To protect cells from harmful oxidative stress, the KEAP1-NRF2 system allows the cell to sense and respond to oxidative stress conditions [3]. NRF2 is a master transcriptional regulator for genes related to redox status and antioxidant effects. In healthy cells, NRF2 is captured by KEAP1, which is a subunit protein of the E3-ubiquitin ligase specific for NRF2, and is degraded through the ubiquitin-proteasome pathway (Fig. 1) [32]. Electrophiles emerge under oxidative stress conditions and adduct to specific cysteine residue (Cys) of KEAP1. This cysteine modification alters the structure of KEAP1 to inhibit KEAP1-NRF2 binding. More than 10 sensor Cys have been identified in KEAP1, each of which reacts to a variety of electrophiles in different ways to sense many types of oxidative stress [33]. NRF2 molecules that escape from KEAP1-mediated capture and ubiquitination accumulate in the nucleus of cells exposed to oxidative stress and form a heterodimer with small MAF (sMAF) proteins to bind a specific recognition sequence, the CNC-sMAF binding element (CsMBE; 5′-[A/G]TGA[G/C]nnnGC-3′), which is also known as an antioxidant- or electrophile-responsive element [34,35]. Functional CsMBEs are localized in regulatory regions of genes that encode antioxidants, detoxification enzymes, glutathione synthetic enzymes, metabolic enzymes, and heme metabolic enzymes and in genes involved in mitochondrial function (Fig. 1) [36,37,38].

Fig. 1
Fig. 1. Molecular mechanism of the KEAP1-NRF2 system during the oxidative stress response.
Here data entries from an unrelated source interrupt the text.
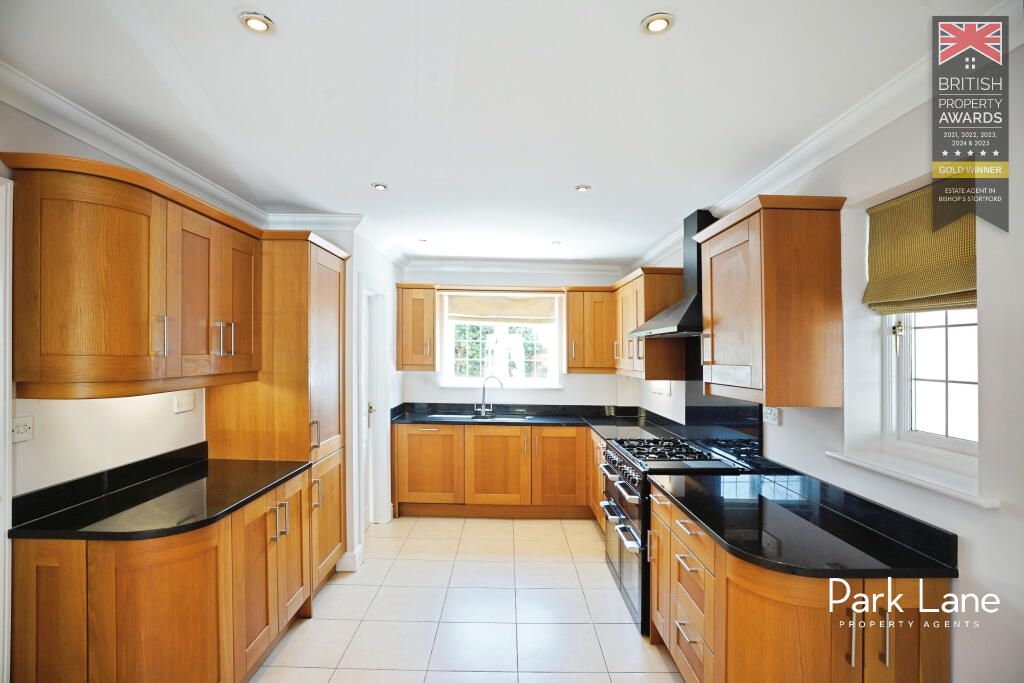 Property photo 2 of 34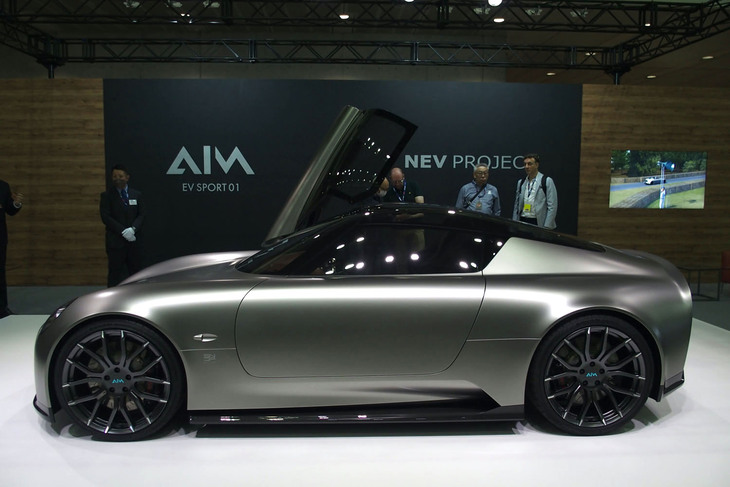 AIM EV SPORT 01／エイム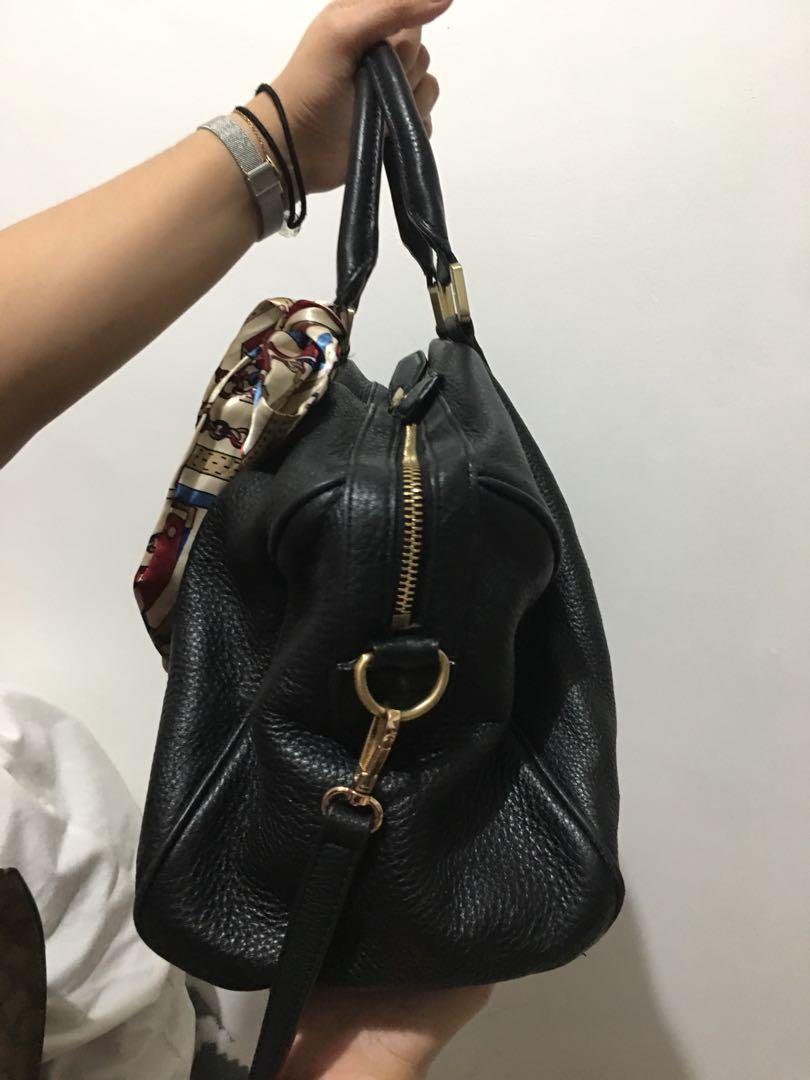 Sisley sling bag genuine leather Fixed price, Women's Fashion, Bags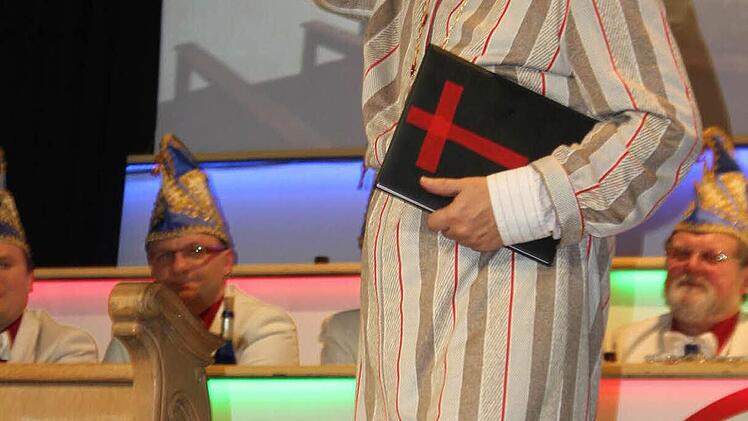 Ein Unikat: Pater Haagen trat diesmal als meckernde und mitunter auch verlogene Kirchgängerin auf.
NRF2 is degraded and inactivated via ubiquitin-proteasome-dependent degradation after being captured by the KEAP1 homodimer in healthy cells (left). Electrophiles emerge during oxidative stress and alter the conformation of KEAP1 by directly adducting to the specific sensor cysteine residues (Cys) in KEAP1. Because this modification inactivates the interaction between KEAP1 and NRF2, NRF2 avoids degradation in cells exposed to oxidative stress. The stabilized NRF2 translocates into the nucleus, where NRF2 activates the transcription of its target genes by binding to NRF2 recognition sequences (i.e., ARE, EpRE, or CsMBE) as NRF2-sMAF heterodimers. Representative NRF2 target genes are separately listed in 4 categories (below).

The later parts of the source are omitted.